Possibile che non l’avessero mai trovato?

Possibile una tale trascuratezza da parte dell’A.G.I.P.?

C’entra qualcosa il petrolio con il fatto che dopo il 1945 la Libia cessò di essere una colonia italiana?

Perché venne inserita con la risoluzione dell’Assemblea generale dell’ONU del 1949 nella zona di influenza inglese, con la costituzione del debole regno dell’emiro Mohammed Idris, capo dei Senussiti, una delle grandi famiglie libiche, ed esponente di primo piano della resistenza libica all’occupazione italiana?

Prevalse veramente la volontà di rendere indipendente la Libia da qualunque dominazione straniera o non si trattò piuttosto di un equilibrio faticosamente raggiunto tra interessi economici internazionali, ed in particolare di quelli presenti nel mercato internazionale del petrolio?

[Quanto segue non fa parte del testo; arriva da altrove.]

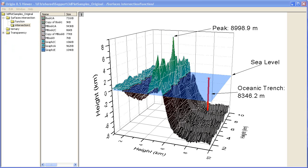With Origin Viewer installed, your co-workers can open and navigate your Origin Project exactly as you created it. They can view your graphs and even copy worksheet data.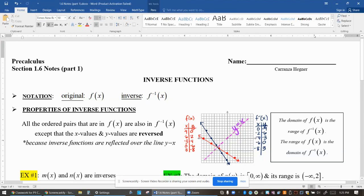Hey, PreCalc students. Today we're going to talk about Lesson 1.6, Part 1. The topic today is inverse functions.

Italia e petrolio in Libia una vicenda con molti punti oscuri

E’ una vicenda che presenta ancora molti punti oscuri: una recente ricerca può contribuire a fare luce su quanto accadde più di mezzo secolo fa.

La storia inizia a Roma nel 1945, in una Roma in cui le forze alleate sono arrivate da pochi mesi. Via della Conciliazione, non ancora costruita, è uno sterrato dove sostano i camion militari.

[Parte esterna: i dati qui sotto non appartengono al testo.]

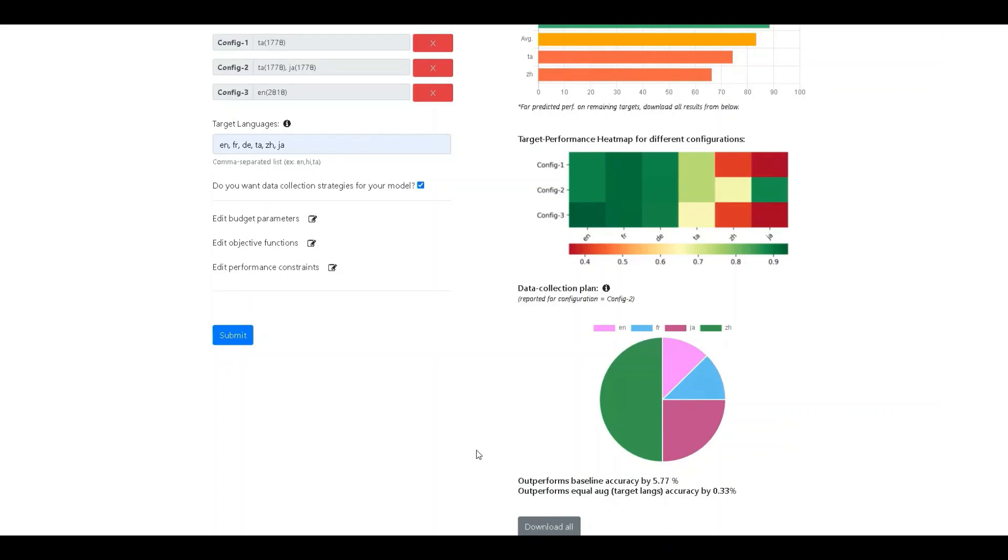In this case, the tool reports that 50% of the budget, that is 4,000 samples, should be collected in Chinese and 25% of the samples, or 2,000 samples, should be collected in Japanese and so on. In some cases, the tool may report some unused budget in case it was not able to beneficially allocate the same among the given pivots.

In città fino alla metà di gennaio quando il suo capo viene ucciso in circostanze ancora da chiarire, imperversa la banda del “Gobbo del Quarticciolo”, un popolare quartiere alla periferia della città.

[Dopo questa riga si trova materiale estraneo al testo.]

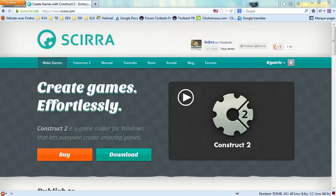Hello, in this video I will be showing you how to download and install Construct 2.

Collaborazionisti di tedeschi e fascisti stanno rintanati in casa per sottrarsi a una sorte incerta. Il popolo della borsa nera fa affari d’oro a Tor di Nona, in pieno centro storico, a Campo dei Fiori, a Piazza Vittorio e in mille altre strade e vicoli della città.

Si compra e vende tutto: gioielli, mobili antichi, quadri e anche documenti in grande quantità, veri o falsi che siano, importanti e meno importanti, estratti da bauli polverosi o semplicemente sottratti dagli uffici della capitale restati senza sorveglianza.

Tutti hanno qualcosa da vendere e tutti sembrano trovare un acquirente: è la strada per una ricchezza inaspettata o magari solo per acquistare i generi alimentari indispensabili.

Chi era davvero il misterioso Mister Pollok?

In questo scenario compare un inglese, un tale signor Pollok. Chi era veramente mister Pollok? Molte incertezze esistono ancora a proposito della sua identificazione. Certo è che era di nazionalità inglese: il dubbio è se si trattasse di John Pollok, capo della polizia militare, o di William Montagne Pollok, capo della divisione finanziaria del Governo Militare alleato, un dubbio che nessun documento ha consentito finora di chiarire.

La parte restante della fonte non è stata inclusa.